E fu così che dopo qualche giorno mi ero abituato, avevo amici e conoscenti serate fresche, il sole e sul
più bello, un acquazzone tanto violento tanto breve.
Ero a pochi chilometri da Stoccolma in un posto che mi cominciava a diventare familiare, avvolto da
un’aria frizzantina e da gente cordiale e silenziosa e intorno tutto quel verde, tutti quei boschi.
Lo strano gioco di curve e contro curve, salite e discese m’aveva portato a pensare di trovarmi in aperta
campagna e invece no, il centro del paese era alle mie spalle, tranquillo e silenzioso, già deserto alle
nove di sera.
Potevo raggiungerlo anche attraverso viottoli nel bosco o dalla strada principale.
Ho sempre attraversato i viottoli, mi davano più di romantico più di natura .
Fu così che in mezzo a tanto verde e a tanta tranquillità pensai di aver trovato il posto ideale, il posto
giusto, quello che da sempre cercavo.
GIMO così si chiama il paese diventato la mia casa, il mio ritrovo, il mio “luogo”.
GIMO dove tutto funziona, dove tutto è più lento, dove si va in bici o in pullman veloci e moderni.
Dove ho fatto conoscere e cantare “KARAOKE E GUANTANAMERA”.
Di italiani non ne ho trovato neanche uno, neanche nelle tante pizzerie napoletane di Stoccolma o nei
ristoranti italiani.
Il mondo è tutto bello, lo avevo capito e non avevo dubbi.
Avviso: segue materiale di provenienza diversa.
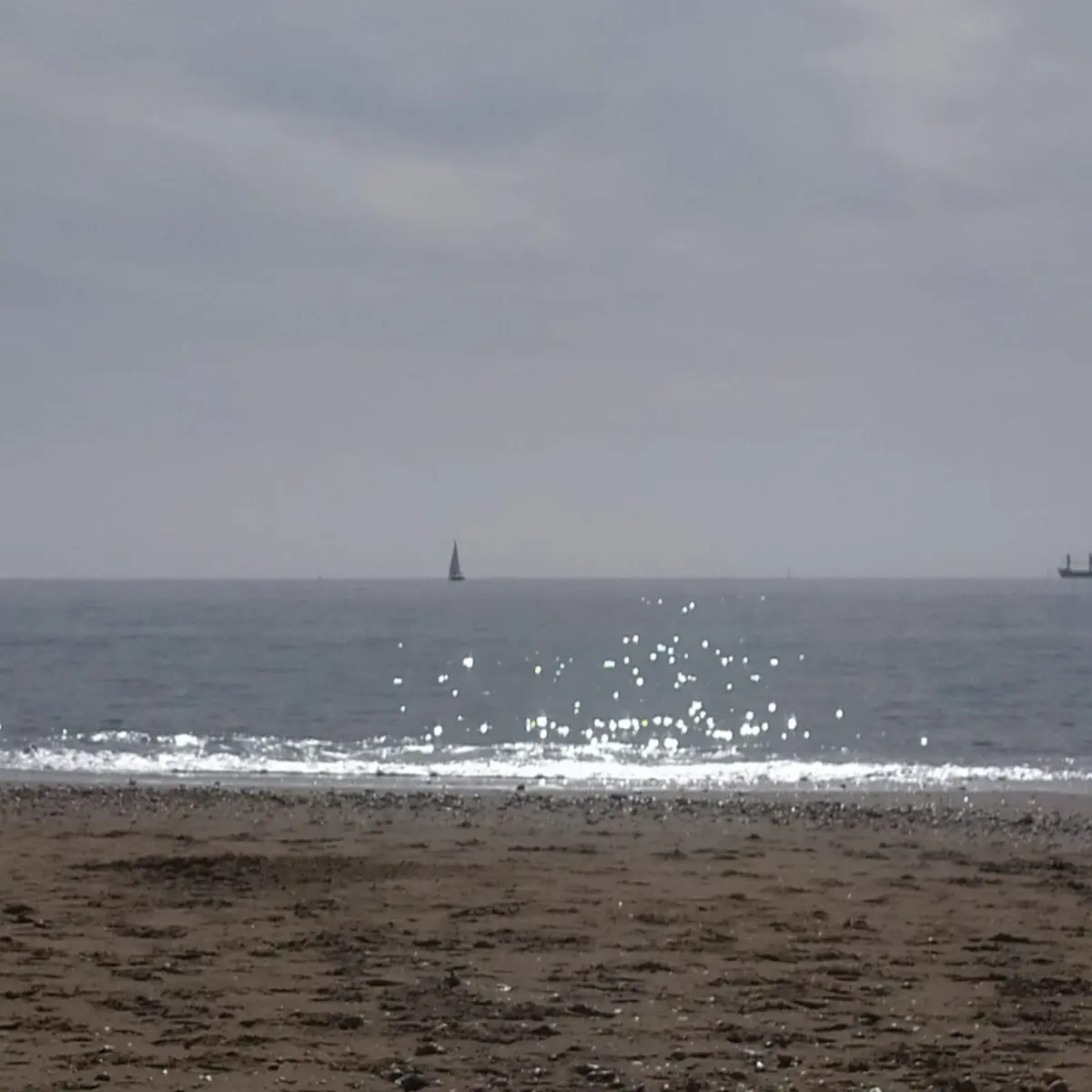 1b300475eb47f156d84082ba0a2ee5bfd29136f773a1e1d88ed0b21ae9f4ba19.jpg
Ma certi posti sono, se possibile, ancora
più belli.
Sono sicuro che anche Dio vive da queste parti, magari qualche isolato più avanti, qualche numero
più avanti di questa lunghissima strada.
Qua dove l’estate è il meraviglioso prolungamento della primavera.
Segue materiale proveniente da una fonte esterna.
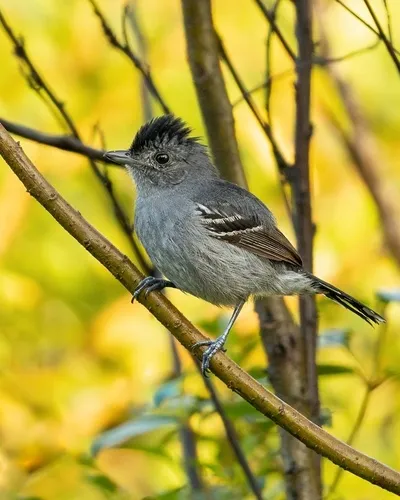 Variable Antshrike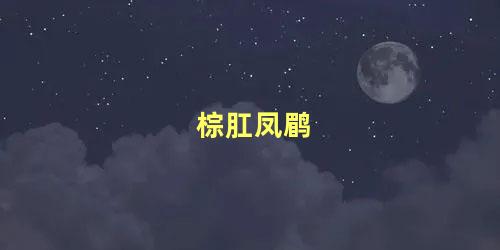 棕肛凤鹛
Ho qui scoperto la “non essenzialità” dello scrivere e la bellezza del “non leggere” 1000 cose da
spiegare, nella speranza della stupidità di un “bravo” che non arrivava comunque, fermato sempre
dall’invidia e dalla gelosia e sopratutto dalla stupidità di chi doveva pronunciarlo.
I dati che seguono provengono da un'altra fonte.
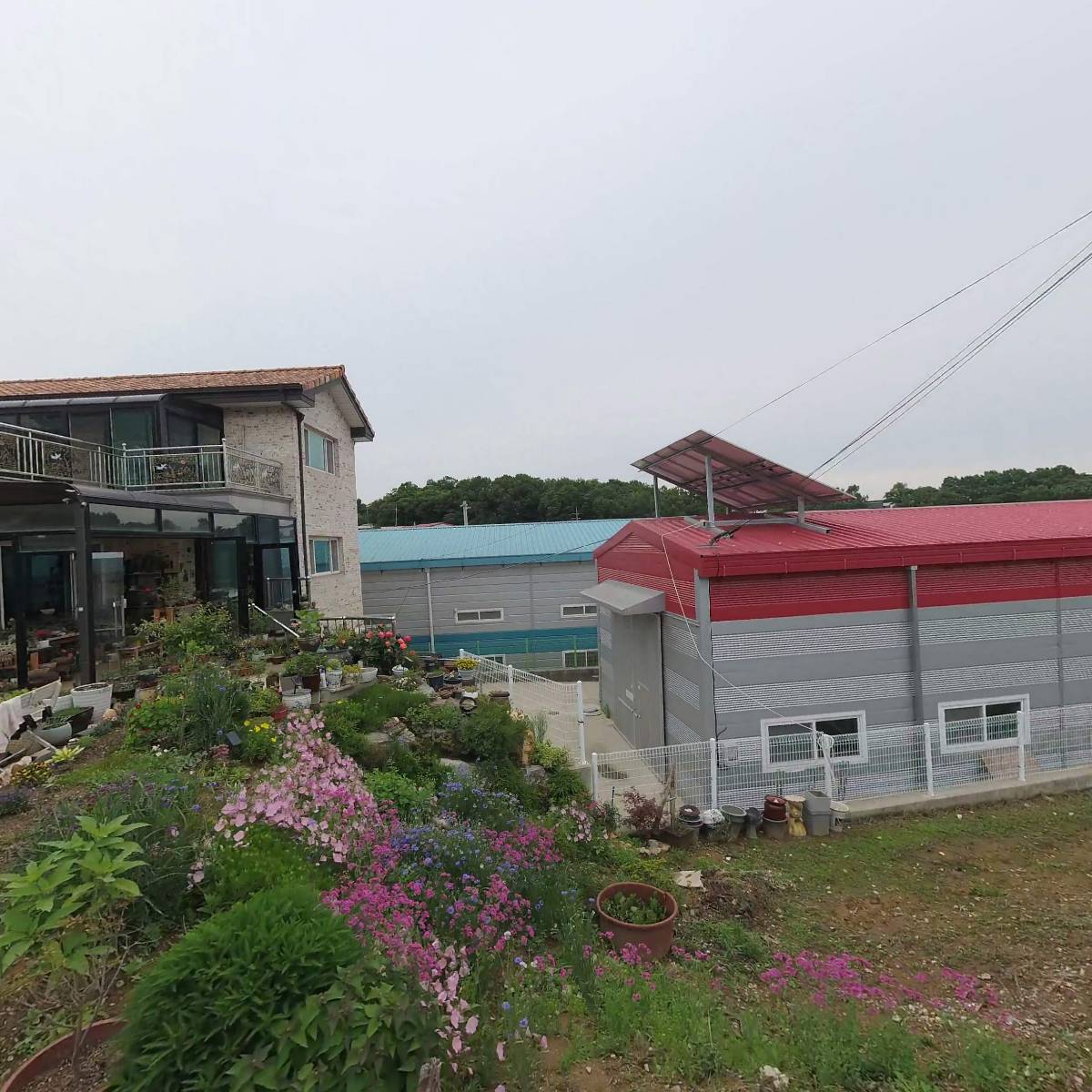 이코로즈돌_3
Le cose che non ti aspetti, un paesino a pochi chilometri da Stoccolma ed ancora meno da un lago
che sembrava uscito da una cartolina.
Ero tornato a malincuore dopo una decina di giorni, ero tornato a casa.
Non avevo neanche attraversato la porta d’ingresso e già mi chiedevo: che ci faccio qui !!!
la sera del giorno dopo ero già tornato a Stoccolma. Ed ora sono ancora qua, per ora sto bene per
ora resto qua, per ora è casa mia.
Per ora sto bene e il fatto di stare bene fa star bene le persone a me care.
Aspetto che il richiamo della mia terra, della mia casa, dei luoghi in cui sono cresciuto e soprattutto
che il richiamo degli affetti, mi riporti, penso inevitabilmente, ad assaporare quel fastidioso senso
che sa di nostalgia e anche un po di malinconia, e da lì ricominciare.
Potrà arrivare o anche no, per ora sto bene e dire “vi penso” è una bugia, una imperdonabile
bugia.
Quasi cinque mesi dopo aver scritto questa “lettera mai spedita”, scritta alla luce del sole di
STOCCOLMA, alle undici di sera, mi cominciavano a mancare mille cose, dalle più piccole
alle meno piccole, sino a vedere con altra luce, tutte le cose che odiavo.
Mi mancavano gli affetti e le premure degli altri per me, mi mancava quel caos perfetto sul
tavolo da cucina sempre pieno di carte, di appunti e progetti, mi mancava la “penna”.
Sono tornato indietro da dove ero partito e dove tutto è rimasto uguale.
Sono tornato al mare in un giorno di sole, in una di quelle giornate che se guardi il mare lo vedi
luccicare e al quasi buio delle otto di sera, ho concluso questa lettera e questa volta la invio.
Ogni tanto ci penso magari una vacanza non tanto breve per salutare, per ritrovare, per vedere
se ricordano ancora la canzone “ KARAOKE E GUANTANAMERA”.
Ho capito che le radici profonde che con gli anni ti legano, sono difficili da tagliare, sono difficili da lasciare.
Magari cambio idea, chissà, ma se la prossima volta dovessi dirvi che: “non vi penso” sarebbe bugia, si una imperdonabile bugia.